The goal is to determine whether we can obtain a reservoir whose final amount of water becomes exactly x after performing at most one such pour operation. We are allowed to either do nothing (if some reservoir already has x water), or pick one destination reservoir i and one source reservoir j and pour j into i.
The output is either a pair i j describing such an operation, or i 0 if reservoir i already contains x initially, or -1 -1 if no valid configuration exists.
The constraints go up to n = 10^5, so any solution that checks all pairs of reservoirs directly would require up to 10^10 operations in the worst case, which is far beyond a 1 second limit. This immediately rules out quadratic approaches.
A subtle point is that pouring from j into i does not require full transfer if capacity limits are hit. The resulting value is min(vi, wi + wj). This creates a saturation behavior that is monotone but not linear.
Edge cases that matter:
A reservoir may already contain x water, and we must immediately output i 0. For example, if x = 3 and wi = 3 for some i, that is already a valid answer.

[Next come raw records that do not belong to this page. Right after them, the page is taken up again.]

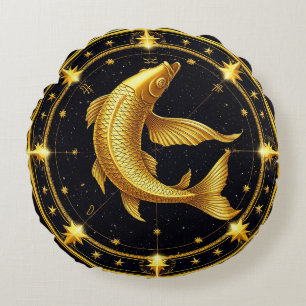 Cojín Redondo Símbolo zodiacal de Piscis dorado rodeado de estre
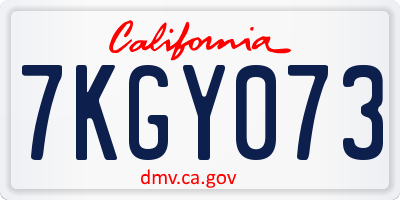 CA license plate 7KGY073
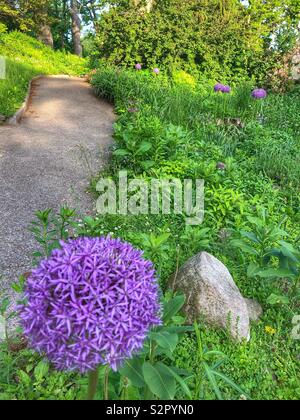 Seguire il percorso attraverso i lussureggianti giardini in High Park, Toronto, Canada. Foto Stock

It is possible that no combination works even if total water across reservoirs is large, because capacity constraints may prevent reaching x exactly. For instance, vi = [2, 2], wi = [2, 2], x = 3 makes it impossible.
It is also important that i and j may be equal in the input interpretation, but effectively that contributes nothing new, since pouring into the same container changes nothing meaningful.
Approaches
A brute-force approach would consider every possible pair (i, j). For each pair, simulate pouring j into i and compute min(vi, wi + wj). If it equals x, we return that pair. This requires evaluating n^2 transitions, each in constant time, which leads to O(n^2) complexity. With n up to 100000, this is infeasible.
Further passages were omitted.